LESLIE: Joe in New York needs some help with a flooring project. What’s going on at your money pit?
JOE: Well, I’ve got a problem with the parquet floor in the house. The house was built in 1908 and the floors used to be covered with broadloom and we never noticed the difference then but since we’ve taken up the broadloom and had the floors sanded and scraped, the parquet floors – the various slats – are nailed in three places because the slats – they’ve got three nails; one on either end and one in the middle. It’s always the nails on the end that are coming up.
TOM: Mm-hmm. Describe this flooring to me. It’s strip flooring or it’s squares?
JOE: They form a square but they’re strips.
TOM: OK. And each one of these strips is nailed down?
JOE: Right.
TOM: OK.
JOE: In three places.
TOM: Is it possible for you to use what’s called a trim screw? A trim screw is a screw that is very, very narrow at the top. It’s used in carpentry and it’s about as wide at the top as a finish nail. And if you use a trim screw instead of the nails, once you put it in, once you drive it in – and use a very small Phillips-head screwdriver bit, usually on a power drill, to drive these in – it will be permanently secured down.

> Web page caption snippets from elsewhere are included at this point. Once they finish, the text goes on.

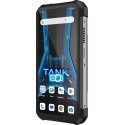 Unihertz Tank 2 Pro phone, 256/8 GB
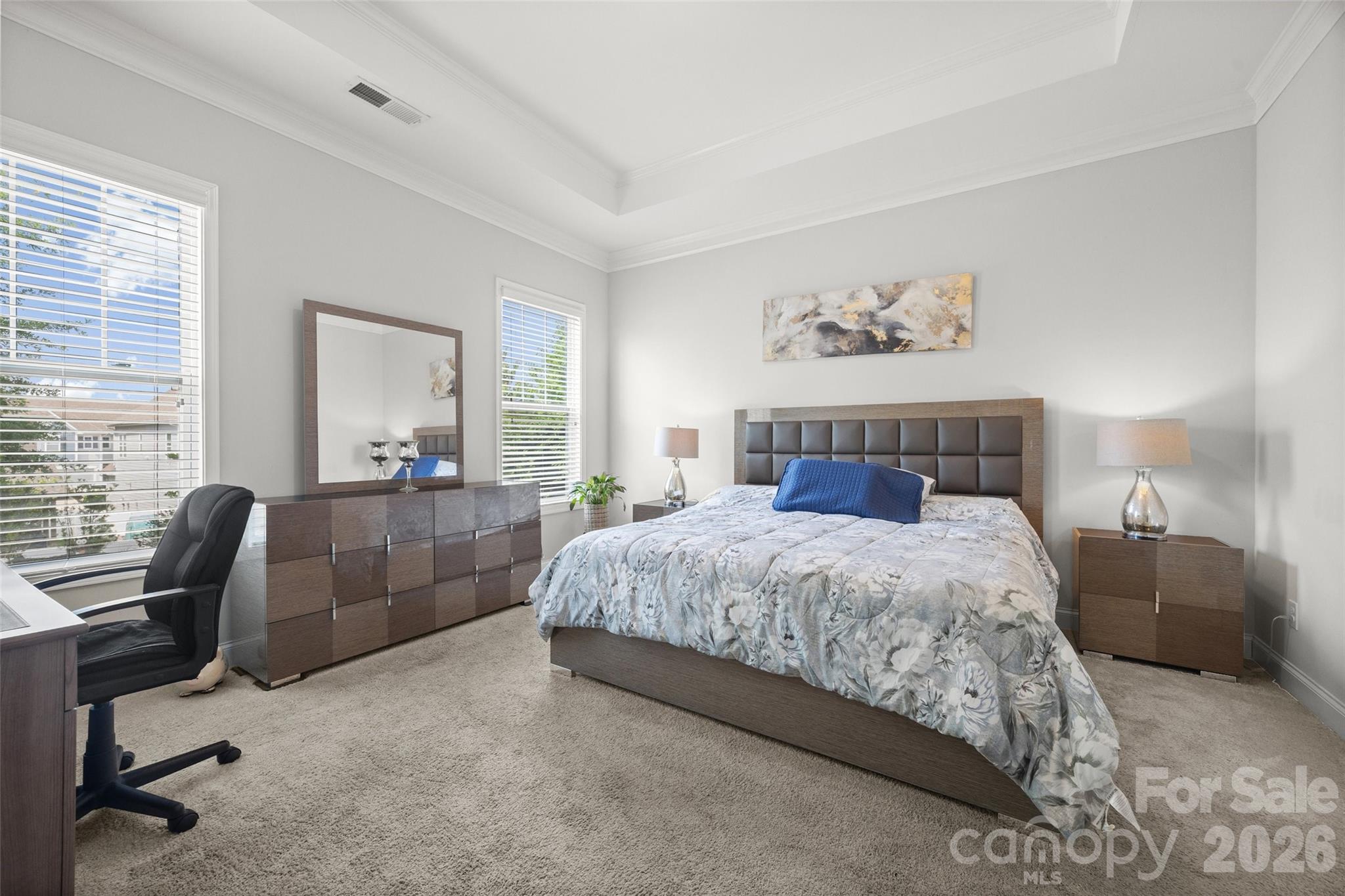 7040 Chrysanthemum Road Property Photo 14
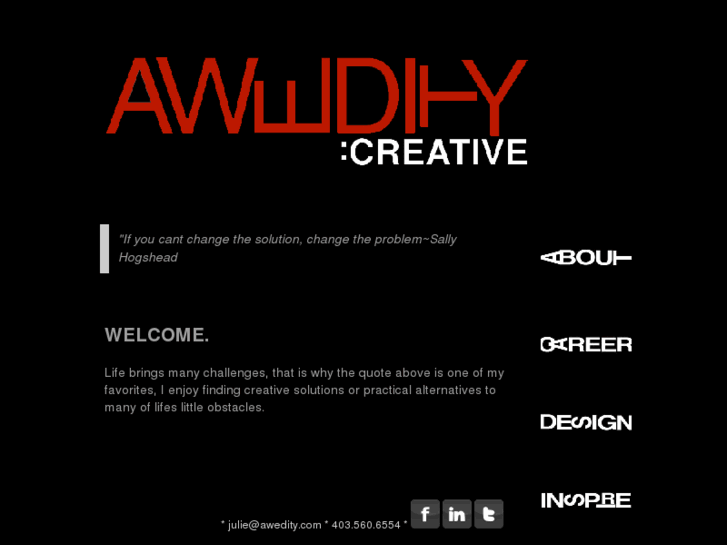 www.awedity.com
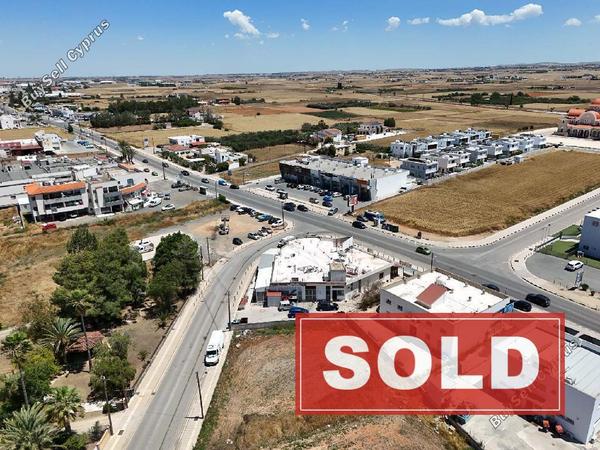 studio office sold kokkinotrimithia nicosia 8791765 image 17037759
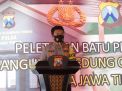 PSBB Jawa-Bali, Kapolda Jatim Bicara soal Teknis Kerja dan Vaksin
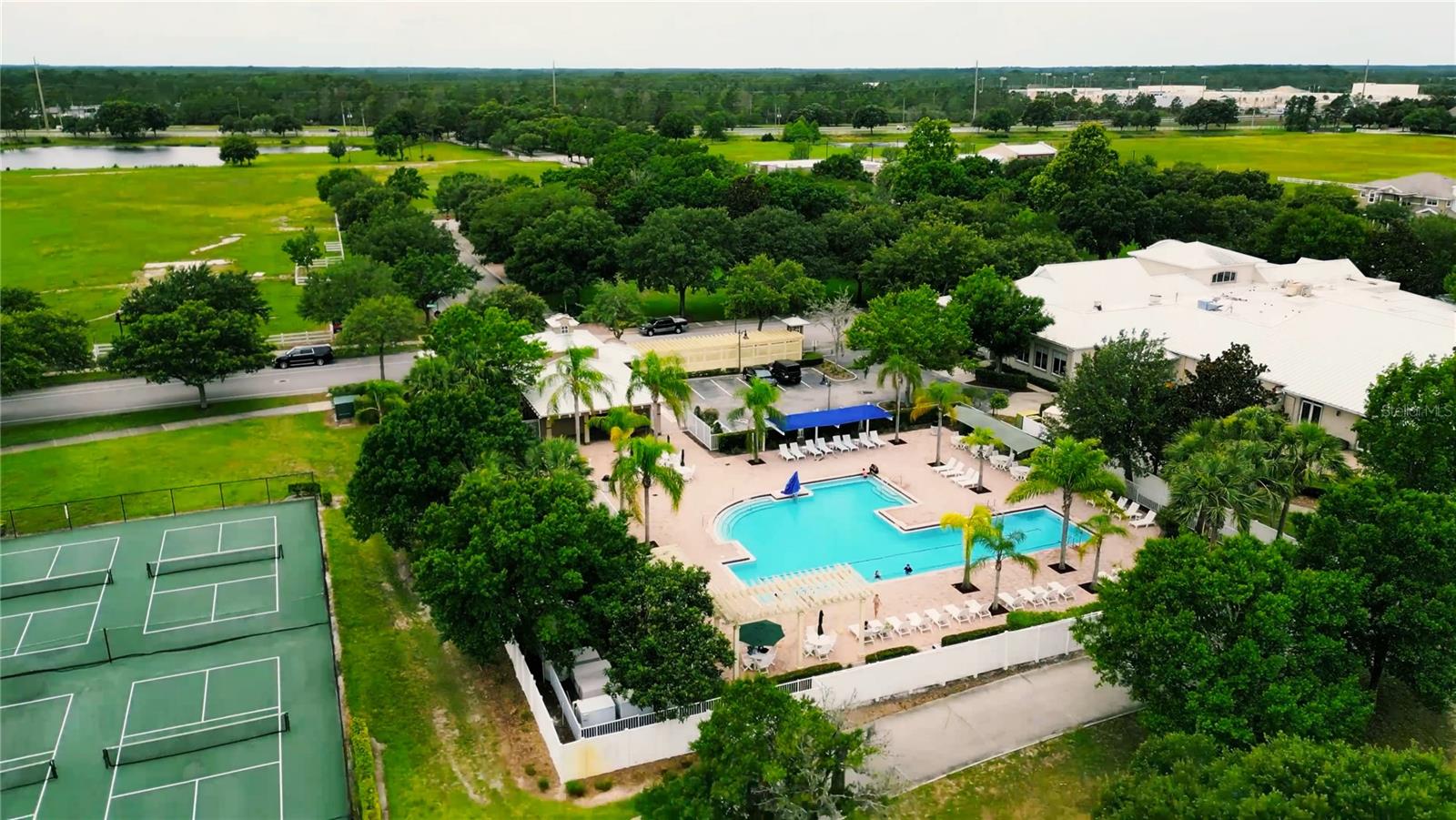 7011 BEARGRASS RD, HARMONY, FL, 34773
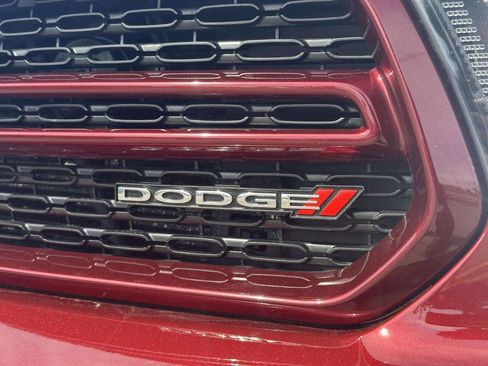 Used 2017 Dodge Durango GT w/ Premium Group AWD/4WD image 40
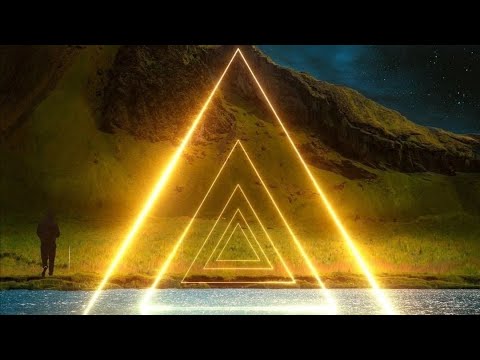 Pink Floyd, Hernan Cattaneo, Fonarev, GMJ & Matter, Volen Sentir, Magistr Progressive - Progress 051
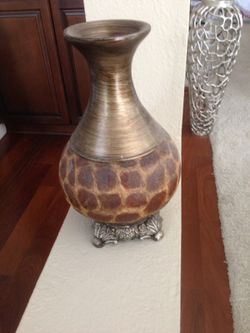 Household decor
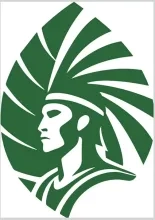 SVB lanceert nieuwe identiteit ‘Natio – The Green Guardians’ en vernieuwde teamtenues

Problem is that the hole that this nail is in has just worked itself so loose that it’s going to continue to push the old nails out. But if every time you pull a nail out you replace it with a trim screw, this is not going to happen to you.
JOE: Yeah. Alright, thank you very much.
TOM: You’re welcome, Joe. Good luck with that project. Thanks so much for calling us at 888-MONEY-PIT.